Pria yang juga sedang mengadvokasi beberapa komunitas masyarakat adat itu bersama beberapa pengacara yang terhimpun dalam PPMAN, menuturkan bahwa per 1 Januari s/d 30 Juni 2023, PPMAN telah menangani sejumlah 27 (dua puluh tujuh) kasus masyarakat adat, dengan rincian: 11 (sebelas) kasus terkait perampasan lahan masyarakat adat, 10 (sepuluh) kasus terkait kriminalisasi masyarakat adat, 2 (dua) kasus kekerasan terhadap perempuan, 2 (dua) kasus lainnya terkait dengan pengrusakan aset.

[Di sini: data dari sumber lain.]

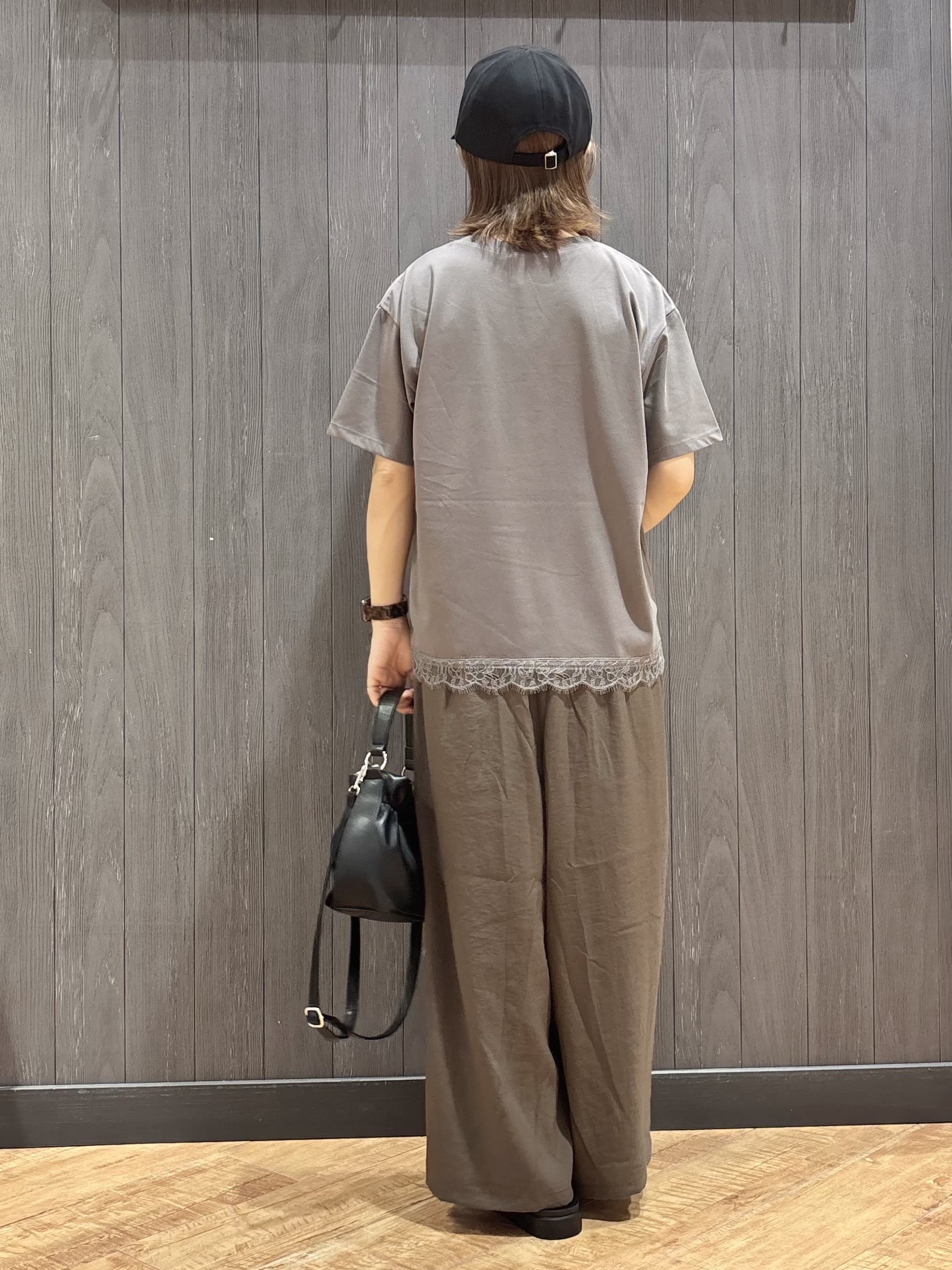 meiさんの「SHOO･LA･RUE｜【UV/S-LL/洗濯機可】真夏に着たい裾レースが女性らしさをプラスする プリントアソートTシャツ」を使ったコーディネート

“Pendekatan hukum terhadap kasus-kasus sebagaimana tersebut, tidak akomodatif terhadap hukum yang hidup dan berkembang dalam masyarakat juga, bahkan penegak hukum tak jarang menegasikan hukum yang hidup dan berkembang dalam masyarakat adat dengan hukum nasional”, kritiknya.
Ancaman Bagi Kelompok Minoritas
Menurut Alam, pengaturan living law sebagai tindak pidana juga bertentangan dengan asas legalitas dalam hukum pidana.

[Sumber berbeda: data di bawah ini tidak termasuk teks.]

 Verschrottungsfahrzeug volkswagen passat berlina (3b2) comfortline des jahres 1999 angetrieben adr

“Dalam asas legalitas terkandung makna, bahwa hukum harus tertulis (lexs cripta), hukum harus jelas / tidak ambigu (lex certa), tidak boleh ditafsirkan secara analogi (lex stricta) dan tidak boleh diberlakukan surut (lex praevia). Rumusan Pasal 12 ayat (2) KUHP baru ini mengandung ketidakpastian hukum dan berpotensi melanggar hak asasi manusia, sebab hukum yang hidup dalam masyarakat (living law) masih banyak yang tidak tertulis dan plural, karenanya dapat digunakan sebagai alat kriminalisasi terhadap setiap orang yang distigma menyimpang atau berbeda dengan kelompok masyarakat pada umumnya, utamanya kelompok minoritas”, jelasnya.
Untuk diketahui, UU No. 1/2023 Tentang Kita Undang-Undang Hukum Pidana (KUHP) disahkan dan mencabut Undang-Undang No. 1 Tahun 1946 Republik Indonesia Tentang Peraturan Hukum Pidana. Dalam Pasal 12 ayat (2) KUHP yang baru, mengatur: “Untuk dinyatakan sebagai Tindak Pidana, suatu perbuatan yang diancam dengan sanksi pidana dan/atau tindakan oleh peraturan perundang-undangan harus bersifat melawan hukum atau bertentangan dengan hukum yang hidup dalam masyarakat”.